Pelaksanaan Al-Qur’an dalam Model Struktur Imamah Wal jama’ah

Dalam mengerjakan segala apa-apa yang diperintahkan Allah swt, maka kita harus menggunakan kemampuan yang kita miliki dengan maksimal.  Tujuannya adalah agar kita mendapatkan  kemenangan yang gemilang yaitu mendapatkan ridha Allah swt. Namun itu semua dapat kita raih jika kita mempunyai  kemauan yang besar. Memang tak semudah membalikkan telapak tanggan untuk melakukan segala perintah Allah swt. Rasulullah visioner peradapan islam dibumi Allah ini tentunya juga mendapatkan tantangan yang begitu hebatnya. Namun dengan keyakinan yang dimilki beliau maka beliau mendapatkan kemenangan yang gemilang. Maka sudah sepantasnyalah kita mengikuti jejak-jejak langkah baginda rasulullah saw. Dengan menggunkan manhaj yang digunakan oleh rasulullah yaitu mengamalkan segala apa-apa yang ada dalam Al-Qur’an  maka mustahil kita tidak dapat menegakkan peradapan islam dibumi Allah ini. Tentunya kita sudah mengetahui apa yang Apa yang dimaksud dengan golongan Ahlussunnah wal jamaah? meminjam defenisi yang di uraikan oleh Syekh Abu al-Fadl Abdus Syakur As-Senori dalam karyanya “Al-Kawakib al-Laama’ah fi Tahqiqi al-Musamma bi Ahli as-Sunnah wa al-Jamaahmenyebutkan definisi Ahlussunnah wal jamaah sebagai kelompok atau golongan yang senantiasa komitmen mengikuti sunnah Nabi SAW dan thoriqoh para sahabatnya dalam hal akidah, amaliyah fisik (fiqh) dan akhlaq batin (tasawwuf). Juga mengambil defenisi dari perkataan Syekh Abdul Qodir Al-Jaelani dalam kitabnya, Al-Ghunyah li Thalibi Thariq al-Haq juz I hal 80 mendefinisikan Ahlussunnah wal jamaah sebagai berikut “Yang dimaksud dengan assunnah adalah apa yang telah diajarkan oleh Rasulullah SAW (meliputi ucapan, perilaku serta ketetapan Beliau). Sedangkan yang dimaksud dengan pengertian jamaah adalah segala sesuatu yang telah disepakati oleh para sahabat Nabi SAW pada masa empat Khulafa’ur-Rosyidin dan telah diberi hidayah Allah “.
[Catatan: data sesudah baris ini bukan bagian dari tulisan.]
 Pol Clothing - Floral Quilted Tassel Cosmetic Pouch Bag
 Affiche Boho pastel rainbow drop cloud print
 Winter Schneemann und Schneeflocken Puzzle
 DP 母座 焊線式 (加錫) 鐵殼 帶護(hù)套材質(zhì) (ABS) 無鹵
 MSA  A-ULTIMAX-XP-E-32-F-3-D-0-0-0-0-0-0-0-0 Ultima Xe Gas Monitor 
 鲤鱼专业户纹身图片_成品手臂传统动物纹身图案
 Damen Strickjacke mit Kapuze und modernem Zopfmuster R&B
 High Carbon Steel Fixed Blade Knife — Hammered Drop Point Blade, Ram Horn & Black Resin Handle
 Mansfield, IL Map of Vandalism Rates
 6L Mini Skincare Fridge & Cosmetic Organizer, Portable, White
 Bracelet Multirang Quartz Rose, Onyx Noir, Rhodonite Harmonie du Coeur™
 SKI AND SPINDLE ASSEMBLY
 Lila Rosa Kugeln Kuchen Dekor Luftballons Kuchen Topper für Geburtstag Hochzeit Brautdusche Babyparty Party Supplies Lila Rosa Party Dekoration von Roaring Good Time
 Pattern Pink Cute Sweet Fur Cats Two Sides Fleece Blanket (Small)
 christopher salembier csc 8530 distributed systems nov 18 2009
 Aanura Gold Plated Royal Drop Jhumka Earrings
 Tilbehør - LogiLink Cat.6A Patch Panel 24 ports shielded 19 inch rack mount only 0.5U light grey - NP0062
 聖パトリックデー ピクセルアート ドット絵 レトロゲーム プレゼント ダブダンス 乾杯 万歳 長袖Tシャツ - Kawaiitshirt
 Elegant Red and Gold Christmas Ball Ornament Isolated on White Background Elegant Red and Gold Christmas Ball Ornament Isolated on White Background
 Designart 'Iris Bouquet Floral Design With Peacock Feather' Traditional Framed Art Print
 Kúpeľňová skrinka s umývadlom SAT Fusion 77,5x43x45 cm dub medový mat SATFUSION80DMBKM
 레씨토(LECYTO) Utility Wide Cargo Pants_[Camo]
Dalam sebuah hadits dinyatakan :
عن أبي هريرة رضي الله عنه أن رسول الله صلى الله عليه وسلم قال : افترقت اليهود على إحدى وسبعين فرقة ، وتفرقت النصارى الى إثنين وسبعين فرقة ، وتفرقت أمتي على ثلاث وسبعين فرقة ، كلها في النار الاّ واحدة ، قالوا : ومن هم يا رسول الله ؟ قال : هم الذي على الذي أنا عليه وأصحابي . رواه أبو داود والترميذي وابن ماجه
Dari Abi Hurairah r.a., Sesungguhnya Rasulullah SAW bersabda : Umat Yahudi terpecah menjadi 71 golongan. Dan umat Nasrani terpecah menjadi 72 golongan. Dan umatku akan terpecah menjadi 73 golongan. Semua masuk neraka kecuali satu. Berkata para sahabat : “Siapakah mereka wahai Rasulullah?’’ Rasulullah SAW menjawab : “Mereka adalah yang mengikuti aku dan para sahabatku.”. HR. Abu Dawud, Turmudzi, dan Ibnu Majah.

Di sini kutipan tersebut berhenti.